We spent two wonderful, sunny days walking from Arthurs Pass to Lake Coleridge.
We walked up a hill and found ourselves surrounded by stunning views, grasslands, rivers and glacier covered mountains. We were on a high, philosophising about life and our trip and its intentions.
I have been thinking a lot about fear over the past months as I have come to realise it is the real reason for this trip. I always thought it was about finding my passion and courage and, by all means, I think it is a lot about it but what it all comes down to is my fear. The fear of fear itself and how it, over a long period of time, came to paralyse me.
We all pick up so much baggage over time, even if we don’t intend to, even if it is things you didn’t even know you were carrying around. My baggage ended up piling up until it drowned me. In a way, I became a baggage hoarder. I blamed anyone I could for my problems and fears, trying to come up with clever excuses why I couldn’t do ‘normal’ things. I did this to the point where I started coming up with different disorders I could have. In reality, I was just running away from my fears; fears of nothing really, but you become a fragile person, a jumpy shadow that is even afraid of its own shadow and you build these thick, soundproof and amazing walls around yourself for protection .
The thing is you don’t realise you have just locked yourself in there with your fears and problems. In theory, I have always known this I just didn’t know how to get out and in a way it became familiar and cosy in there, but at times you think damn I really need to get out of here and breathe.
On a journey like this you are constantly confronted with yourself, you don’t have anywhere to run and hide anymore and it is both scary and wonderful at the same time and all of this is finally happening to me. I spent almost the whole of North Island wracking my brain about what I wanted out of life, asking big questions, waiting for my big breakthrough. I didn’t realise it was happening all along.
I am now airing out my bags as I like to call it. There is no distractions, there are no excuses. It’s just you looking at yourself making decision: do I go on until I grow old, bitter and tired or do I say “Hi, I don’t need this stuff anymore - these bags of garbage - none of the things that happened in the past matters now”. Sure they have moulded me in to the person I am today but it is ultimately my decision how I want to go on with it, weather I dwell on the words that were once said, things that were done or let it all fly away in the wind, go down with the sunset or wash away in the sea.

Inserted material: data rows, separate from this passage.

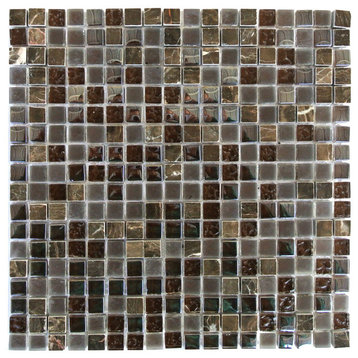 Quartz 0.625 in x 0.625 in Glass and Stone Square Mosaic in Cioccolato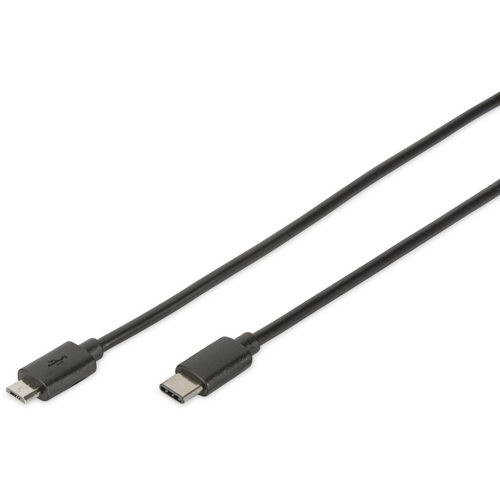 Digitus USB kabel USB 3.2 gen. 1 (USB 3.0) USB-C® utikač, USB-Micro-B 3.0 utikač 1.80 m crna okrugli, utikač primjenjiv s obje strane, dvostruko zaštićen DB-300137-018-S slika 1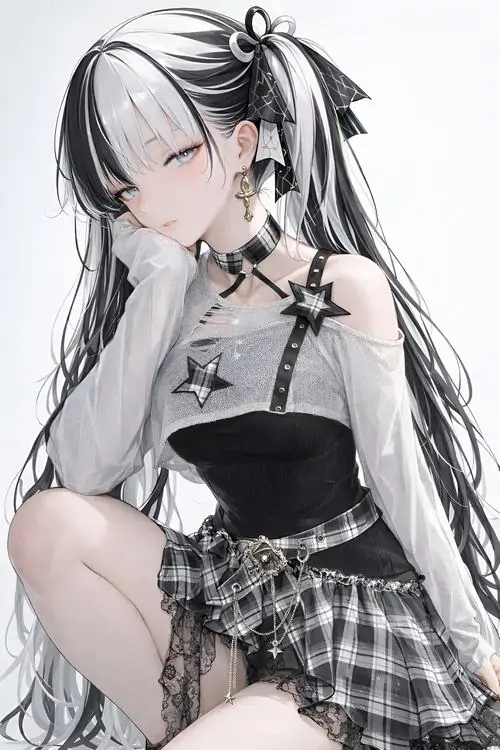 47 Hình anime nữ cô nàng tóc hồng mặc streetwear đen trong hành lang xanh, cách phối áo ngắn và dây nịt làm cơ thể trông chắc khỏe, bố cục dọc rõ ràng phù hợp người mê hình nền có chất thành thị và gọn mắt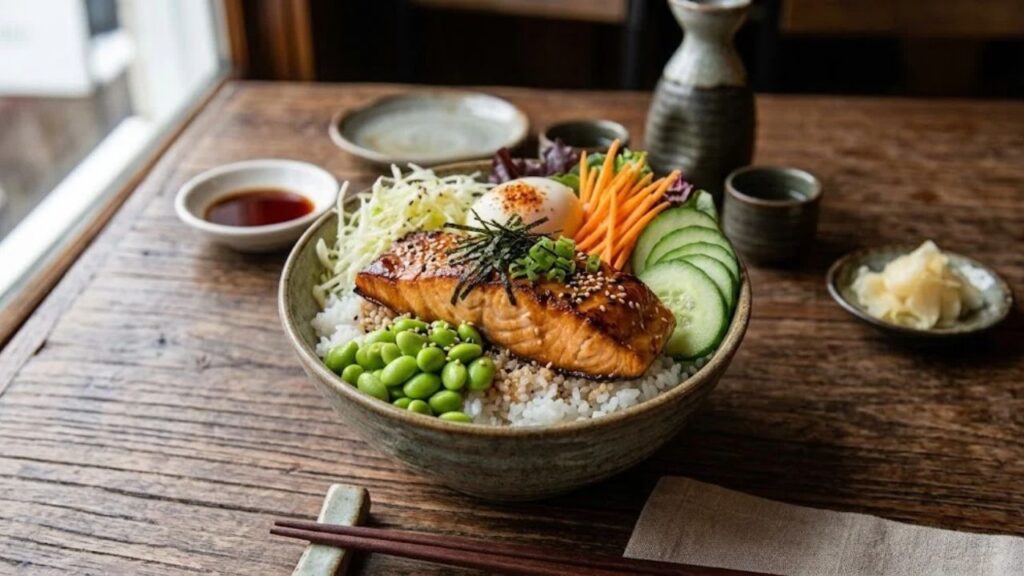 Miso salmon izakaya bowl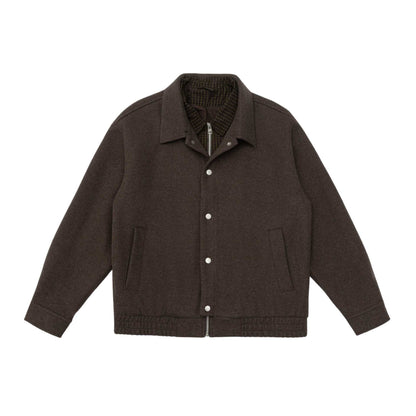 Men's short jacket made of wool blend with checked lined inner vest and snap button placket EVA-US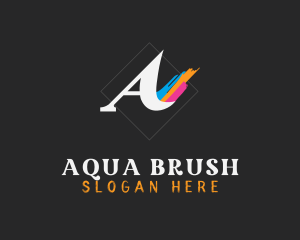 Paint Brush Color Letter A logo design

So, I spend my days walking through amazingness thinking about fear that takes control over life and how, out here, I don’t seem to have as much fear. It seems I have stepped out of a bubble and are breathing for the first time in a long time, and ‘boy’, it is refreshing.
Don’t get me wrong though, fear is also a crucial and important element in our lives. I have this image in my head of a small raincloud that is our fear and we keep feeding it with this, that and the other and before you know It the cloud has turned in to a hurricane and we are left soaking wet in the rain of fear. Fear should be our friend, not our enemy, it should keep us alive not keep us from doing things.
A conversation comes to mind that I had with a stunt man. I asked him if he was scared before he did his bigger more daring stunts. He looked at me seriously and said: “If I woke up and didn’t feel any fear I would have to quit my job”. Fear makes us focused, makes us question things. We just need to learn to not let it run our lives.
I was going to bungy jump in Queenstown some years ago. It was a 134m jump and I was incredibly exited. The jump was from a cable car between two mountains and it was fairly busy so obviously the instructors wanted everything to go fast. They instructed people not to look down and just jump but I wanted to look down, I wanted to feel the fear, I had no doubt that I would jump so when I was standing on the edge ready to jump I looked down and was immediately rewarded by the feeling of utter fear, but it was amazing, it made feel alive. I could feel my blood rush and my heart beat, I could feel every particle in my body and the fear and adrenaline mixed together made the jump so much more powerful.
It is amazing to think how far we have gotten and how much I have learned and grown on this journey.
The autumn has coloured the trees and the air has become clear and crisp and I’m surrounded by beauty I can’t even describe. As much as I am looking forward to being finished I’m also basking in the notion that I am on a trip worth a life time and I’m taking in all the life lessons it teaches me.